Gov. Edwards' campaign ad criticizes Jindal-era budgets he supported, takes credit for programs he proposed to cut


Louisiana Gov. John Bel Edwards, well into his campaign for a second term, makes a number claims in his recent ad "Surplus" that don't stand up to fact checking.

Edward's "Surplus" campaign ad, which began airing earlier this month, criticizes the budgets of his predecessor, which Edwards largely voted for, and takes credit for programs Edwards threatened to cut.

For instance, the ad touts Edwards for “saving safety net hospitals, nursing homes” but his proposed budget defunded safety net hospitals as part of what The Advocate called one of "the most drastic measures" in cuts Edwards revealed in his budget proposal.

Also on Edwards' list of "most drastic" cuts in his proposed budget was the near elimination of the Taylor Opportunity Program for Students college scholarships, despite Edwards taking credit in the ad that "TOPS is fully funded."

The claim that TOPS is fully funded is true enough, thanks in large part to Edwards' apparent change of mind by April.
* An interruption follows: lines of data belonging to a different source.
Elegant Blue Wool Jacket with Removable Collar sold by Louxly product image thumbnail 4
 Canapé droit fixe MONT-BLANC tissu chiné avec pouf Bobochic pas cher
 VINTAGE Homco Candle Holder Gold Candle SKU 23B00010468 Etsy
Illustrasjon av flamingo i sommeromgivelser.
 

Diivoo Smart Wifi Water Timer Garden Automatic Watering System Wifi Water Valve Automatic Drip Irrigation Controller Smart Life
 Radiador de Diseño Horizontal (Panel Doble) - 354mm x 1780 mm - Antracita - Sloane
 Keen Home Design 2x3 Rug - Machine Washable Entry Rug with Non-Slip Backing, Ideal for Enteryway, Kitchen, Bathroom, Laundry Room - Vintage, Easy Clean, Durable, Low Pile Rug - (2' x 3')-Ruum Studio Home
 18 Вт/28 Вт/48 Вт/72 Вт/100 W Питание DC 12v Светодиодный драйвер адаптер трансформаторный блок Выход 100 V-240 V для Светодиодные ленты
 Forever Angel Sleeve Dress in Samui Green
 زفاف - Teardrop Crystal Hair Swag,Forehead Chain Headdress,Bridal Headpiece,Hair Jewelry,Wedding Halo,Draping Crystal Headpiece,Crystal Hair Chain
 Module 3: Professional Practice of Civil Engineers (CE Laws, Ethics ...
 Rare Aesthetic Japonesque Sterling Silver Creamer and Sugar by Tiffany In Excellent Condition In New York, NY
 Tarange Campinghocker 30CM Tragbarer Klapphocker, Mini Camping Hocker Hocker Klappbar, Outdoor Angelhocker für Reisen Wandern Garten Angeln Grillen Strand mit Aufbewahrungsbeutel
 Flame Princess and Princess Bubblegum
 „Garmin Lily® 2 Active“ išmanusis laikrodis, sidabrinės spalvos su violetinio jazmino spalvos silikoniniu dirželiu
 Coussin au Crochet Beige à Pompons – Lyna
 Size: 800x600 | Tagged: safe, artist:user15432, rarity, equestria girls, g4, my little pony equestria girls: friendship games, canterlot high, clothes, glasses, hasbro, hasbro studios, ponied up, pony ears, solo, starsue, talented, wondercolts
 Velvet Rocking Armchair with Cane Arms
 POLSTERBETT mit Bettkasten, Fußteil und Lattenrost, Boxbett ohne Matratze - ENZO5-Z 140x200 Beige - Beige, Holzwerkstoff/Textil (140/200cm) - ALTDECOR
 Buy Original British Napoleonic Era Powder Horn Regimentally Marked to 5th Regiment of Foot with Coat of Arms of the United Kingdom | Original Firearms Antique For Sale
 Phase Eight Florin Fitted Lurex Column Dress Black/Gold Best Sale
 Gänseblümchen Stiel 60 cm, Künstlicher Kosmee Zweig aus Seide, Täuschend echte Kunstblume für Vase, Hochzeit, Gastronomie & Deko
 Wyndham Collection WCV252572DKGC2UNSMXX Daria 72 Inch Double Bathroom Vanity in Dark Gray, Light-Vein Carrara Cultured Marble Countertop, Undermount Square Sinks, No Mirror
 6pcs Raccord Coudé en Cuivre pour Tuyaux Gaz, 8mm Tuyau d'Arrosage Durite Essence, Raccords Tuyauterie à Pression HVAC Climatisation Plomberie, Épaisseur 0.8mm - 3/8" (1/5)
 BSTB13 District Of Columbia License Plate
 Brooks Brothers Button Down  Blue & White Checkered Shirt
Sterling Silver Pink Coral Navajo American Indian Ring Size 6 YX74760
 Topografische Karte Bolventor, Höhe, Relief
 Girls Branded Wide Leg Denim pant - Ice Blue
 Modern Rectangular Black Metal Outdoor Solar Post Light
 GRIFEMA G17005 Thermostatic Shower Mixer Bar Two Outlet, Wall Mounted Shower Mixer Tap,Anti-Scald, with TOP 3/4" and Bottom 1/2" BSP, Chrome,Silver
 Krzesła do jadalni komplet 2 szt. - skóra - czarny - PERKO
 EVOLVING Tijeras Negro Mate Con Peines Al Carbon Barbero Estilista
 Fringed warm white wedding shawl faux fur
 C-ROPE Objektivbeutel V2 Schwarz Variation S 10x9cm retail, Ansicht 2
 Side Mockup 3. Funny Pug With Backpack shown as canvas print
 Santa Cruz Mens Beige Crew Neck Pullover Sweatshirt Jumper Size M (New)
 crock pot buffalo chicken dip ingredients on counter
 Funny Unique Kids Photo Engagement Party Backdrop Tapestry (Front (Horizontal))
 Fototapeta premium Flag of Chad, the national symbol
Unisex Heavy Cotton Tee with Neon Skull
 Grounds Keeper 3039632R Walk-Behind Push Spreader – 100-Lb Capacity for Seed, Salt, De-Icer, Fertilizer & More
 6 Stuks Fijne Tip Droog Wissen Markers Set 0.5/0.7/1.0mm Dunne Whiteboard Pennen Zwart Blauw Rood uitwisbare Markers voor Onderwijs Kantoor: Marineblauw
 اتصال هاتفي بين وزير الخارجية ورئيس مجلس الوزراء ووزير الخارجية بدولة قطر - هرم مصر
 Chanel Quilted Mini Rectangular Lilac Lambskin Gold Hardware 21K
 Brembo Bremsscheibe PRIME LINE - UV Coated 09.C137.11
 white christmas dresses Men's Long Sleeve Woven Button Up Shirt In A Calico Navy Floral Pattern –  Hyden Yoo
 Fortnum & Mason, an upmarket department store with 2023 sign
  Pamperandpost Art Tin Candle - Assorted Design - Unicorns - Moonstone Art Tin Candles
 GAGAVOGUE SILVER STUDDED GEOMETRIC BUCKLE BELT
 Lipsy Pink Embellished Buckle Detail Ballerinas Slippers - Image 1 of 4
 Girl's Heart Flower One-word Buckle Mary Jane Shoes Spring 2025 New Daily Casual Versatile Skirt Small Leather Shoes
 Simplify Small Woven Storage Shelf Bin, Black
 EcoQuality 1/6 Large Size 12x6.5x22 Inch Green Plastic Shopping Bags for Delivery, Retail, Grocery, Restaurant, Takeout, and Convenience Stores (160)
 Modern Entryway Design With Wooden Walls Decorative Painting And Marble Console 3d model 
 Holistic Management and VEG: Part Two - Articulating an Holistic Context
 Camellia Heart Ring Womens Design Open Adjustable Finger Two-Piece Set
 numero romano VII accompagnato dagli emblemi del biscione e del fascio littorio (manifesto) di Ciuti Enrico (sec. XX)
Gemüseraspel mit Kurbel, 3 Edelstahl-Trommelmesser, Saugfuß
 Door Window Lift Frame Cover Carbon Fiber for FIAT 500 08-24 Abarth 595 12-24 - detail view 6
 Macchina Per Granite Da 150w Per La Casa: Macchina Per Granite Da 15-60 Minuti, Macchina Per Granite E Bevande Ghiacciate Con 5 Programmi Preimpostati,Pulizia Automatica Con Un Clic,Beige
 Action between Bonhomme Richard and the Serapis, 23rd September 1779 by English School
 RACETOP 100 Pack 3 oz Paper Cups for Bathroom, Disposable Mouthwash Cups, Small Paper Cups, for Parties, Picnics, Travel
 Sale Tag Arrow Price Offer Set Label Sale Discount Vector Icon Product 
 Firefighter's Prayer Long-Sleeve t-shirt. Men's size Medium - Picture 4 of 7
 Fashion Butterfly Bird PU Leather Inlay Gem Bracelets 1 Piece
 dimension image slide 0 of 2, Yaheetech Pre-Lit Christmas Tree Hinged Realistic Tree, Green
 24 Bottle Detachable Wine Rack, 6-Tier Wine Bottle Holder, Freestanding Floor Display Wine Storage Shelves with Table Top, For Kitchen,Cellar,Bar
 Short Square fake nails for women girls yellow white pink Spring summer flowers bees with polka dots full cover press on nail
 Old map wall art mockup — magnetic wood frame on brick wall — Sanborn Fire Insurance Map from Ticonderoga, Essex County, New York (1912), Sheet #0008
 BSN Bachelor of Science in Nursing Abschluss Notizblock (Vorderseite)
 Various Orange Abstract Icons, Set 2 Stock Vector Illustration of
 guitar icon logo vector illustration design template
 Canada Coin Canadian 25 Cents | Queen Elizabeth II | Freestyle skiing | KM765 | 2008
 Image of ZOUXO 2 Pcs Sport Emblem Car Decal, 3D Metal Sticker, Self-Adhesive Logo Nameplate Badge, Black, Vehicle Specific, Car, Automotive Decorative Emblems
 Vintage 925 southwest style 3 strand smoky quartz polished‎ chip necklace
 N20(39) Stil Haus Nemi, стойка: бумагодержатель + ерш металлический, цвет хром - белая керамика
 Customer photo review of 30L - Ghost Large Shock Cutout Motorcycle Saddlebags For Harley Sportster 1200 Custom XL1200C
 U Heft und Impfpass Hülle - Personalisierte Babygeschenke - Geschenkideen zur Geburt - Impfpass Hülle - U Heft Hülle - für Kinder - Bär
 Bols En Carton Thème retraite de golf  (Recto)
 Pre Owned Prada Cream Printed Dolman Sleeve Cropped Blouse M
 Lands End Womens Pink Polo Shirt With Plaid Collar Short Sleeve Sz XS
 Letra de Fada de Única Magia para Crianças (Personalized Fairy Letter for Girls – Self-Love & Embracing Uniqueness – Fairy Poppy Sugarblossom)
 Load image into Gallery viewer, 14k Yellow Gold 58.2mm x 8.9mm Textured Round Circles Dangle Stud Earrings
By that time, Edwards said he wanted to protect increased funding in higher education and supported filling the scholarship program's $12.3 million funding gap.

Edwards, the Deep South's only Democrat governor, spent time this week touring Hurricane Barry damage. He began his first term as governor in 2016 after he defeated Republican and then-U.S. Senator David Vitter, who'd been caught up in a prostitution scandal. Edwards took over the governorship from incumbent Republican Gov. Bobby Jindal, who had been barred by term limits in the Louisiana Constitution to run for a third term.

Edwards officially announced his re-election bid in January. By early spring, Edwards had $10.2 million in bank for his re-election bid but by early summer his campaign became plagued by reports of disaffection among his Democrat base.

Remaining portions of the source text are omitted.